Pouvez-vous nous expliquer le nouveau rôle de l'archevêque métropolitain dans les enquêtes ?
"Le Saint-Siège, en confiant au Métropolite l'enquête préalable des signalements qui semblent avoir un certain fondement, implique et responsabilise l'Église locale. Comme toujours dans l'Église, on procède à des réformes et à des innovations importantes comme celle dont nous parlons, mais toujours dans la continuité de la tradition. Nous pouvons donc rappeler ici que ce nouveau mandat au Métropolite par le dicastère de la Curie romaine compétente de la phase d'enquête préalable s'inscrit d'une certaine manière dans une tradition du Saint-Siège qui envoie un évêque extérieur comme "visiteur apostolique" pour effectuer une enquête et des des vérifications au sein d'un diocèse. Enfin, je voudrais faire remarquer que si la figure du métropolite joue un rôle très important, et pour les signalements un rôle essentiel, dès lors qu'un métropolite particulier n'est pas apte à ouvrir une enquête (par exemple en cas de conflit d'intérêts), le dicastère compétent reste toujours libre de nommer une autre figure ecclésiastique".

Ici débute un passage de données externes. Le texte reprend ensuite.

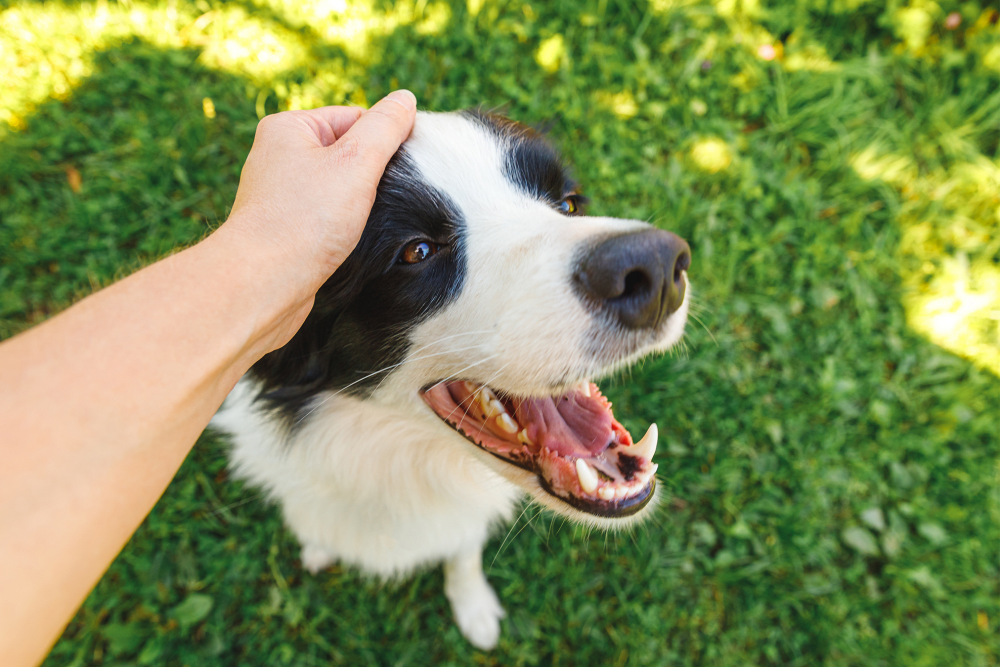 Person petting dog at Parkview Terrace Apartments in Redlands, California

Une dernière question : pouvez-vous nous expliquer le rôle des laïcs envisagé dans ce texte ?
"Les enquêtes que nous menons concernent une collecte minutieuse d'informations sur des faits, souvent dans des circonstances difficiles, ce qui implique l'examen d'appareils électroniques, la consultation de psychologues et de médecins, ainsi qu'une connaissance spécifique du droit, etc. Il s'agit de matières et d'activités qui demandent des compétences et un professionnalisme exercés par des laïcs. Il n'y a donc aucune raison de les exclure d'un rôle important dans l'examen de ces questions. Parfois j'ai l'impression de percevoir une certaine "nervosité" chez quelques prêtres qui se sentent "mis à l'écart" à cause du rôle confié aux laïcs. Mais cette nervosité ne me semble pas justifiée. Naturellement, la responsabilité de la synthèse des résultats de l'enquête et d'exprimer un avis conclusif reste du ressort de l'évêque chargé de l'enquête".